BEGIN EXCERPTED RECORDS
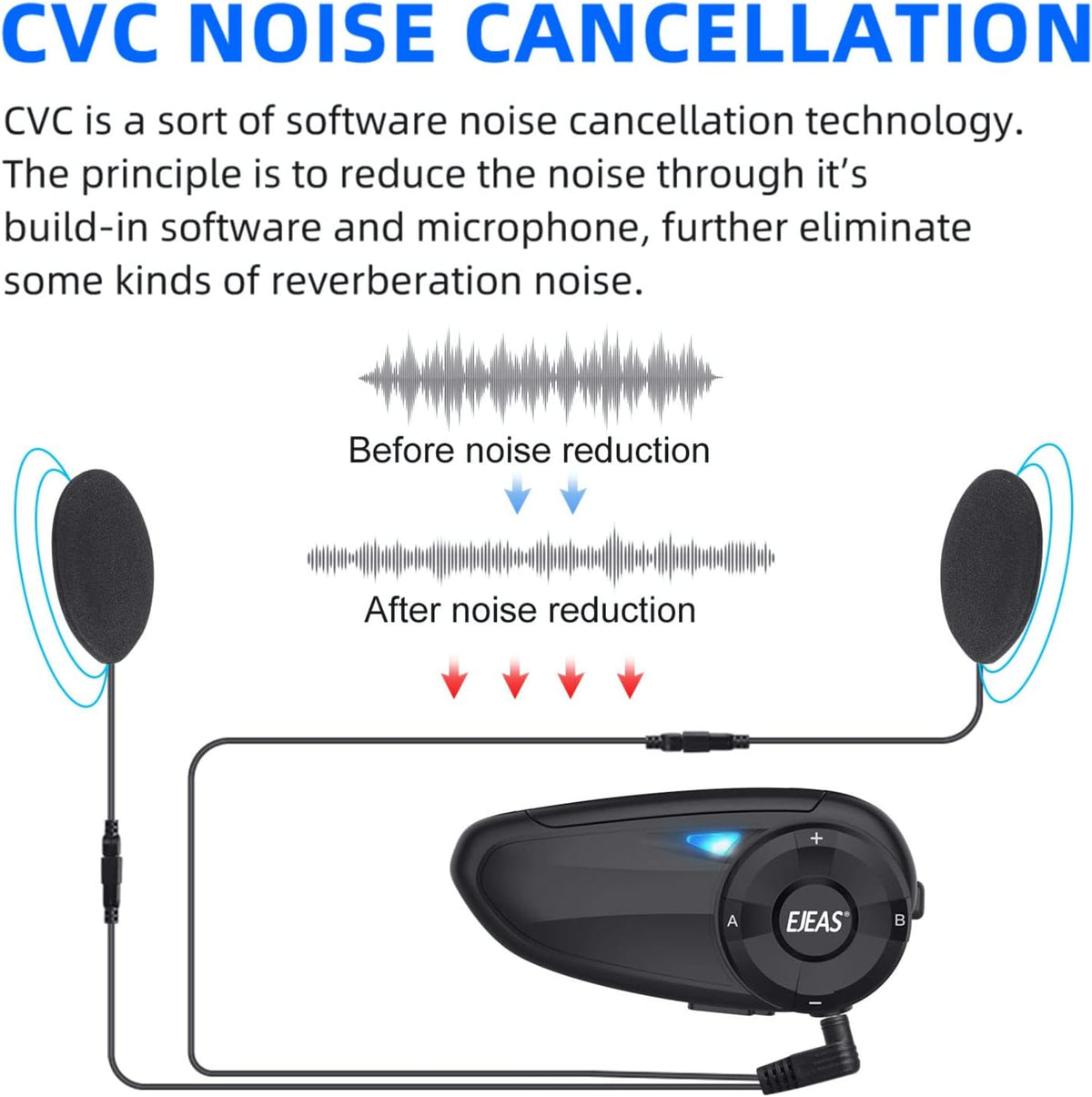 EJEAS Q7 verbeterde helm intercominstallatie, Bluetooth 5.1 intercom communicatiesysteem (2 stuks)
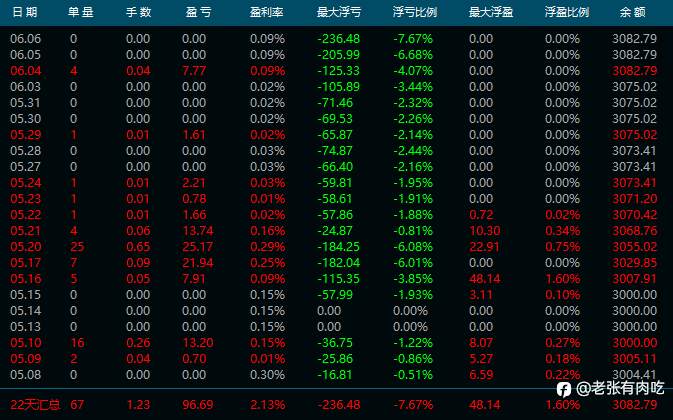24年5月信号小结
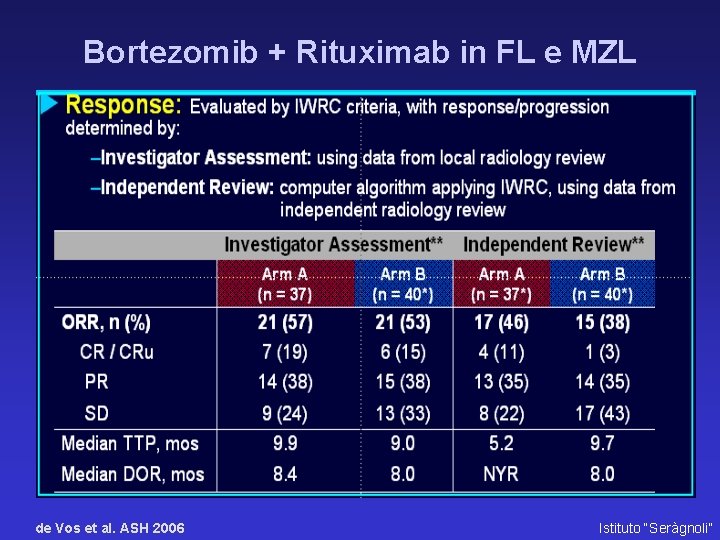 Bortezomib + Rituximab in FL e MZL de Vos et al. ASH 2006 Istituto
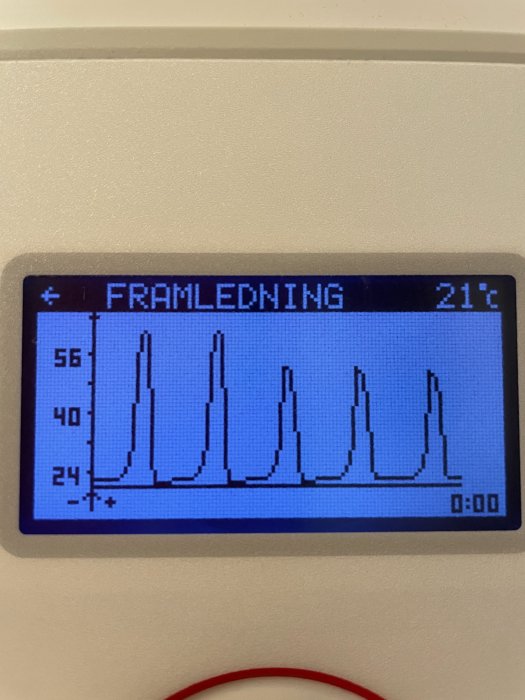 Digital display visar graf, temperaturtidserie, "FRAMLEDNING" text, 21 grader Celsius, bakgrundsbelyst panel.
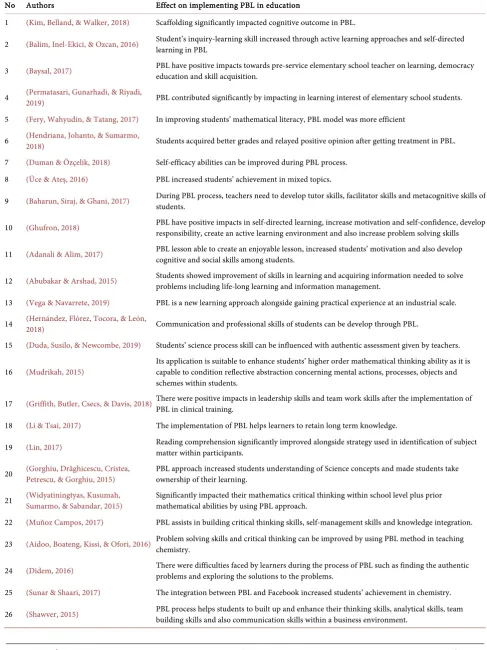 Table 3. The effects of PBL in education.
END EXCERPTED RECORDS
— AIM OF THE EXERCISE —
Because the pictures are not wanted, retype only the text of every record, exactly as given.

— EXERCISE RESPONSE —
 EJEAS Q7 verbeterde helm intercominstallatie, Bluetooth 5.1 intercom communicatiesysteem (2 stuks)
24年5月信号小结
 Bortezomib + Rituximab in FL e MZL de Vos et al. ASH 2006 Istituto
 Digital display visar graf, temperaturtidserie, "FRAMLEDNING" text, 21 grader Celsius, bakgrundsbelyst panel.
 Table 3. The effects of PBL in education.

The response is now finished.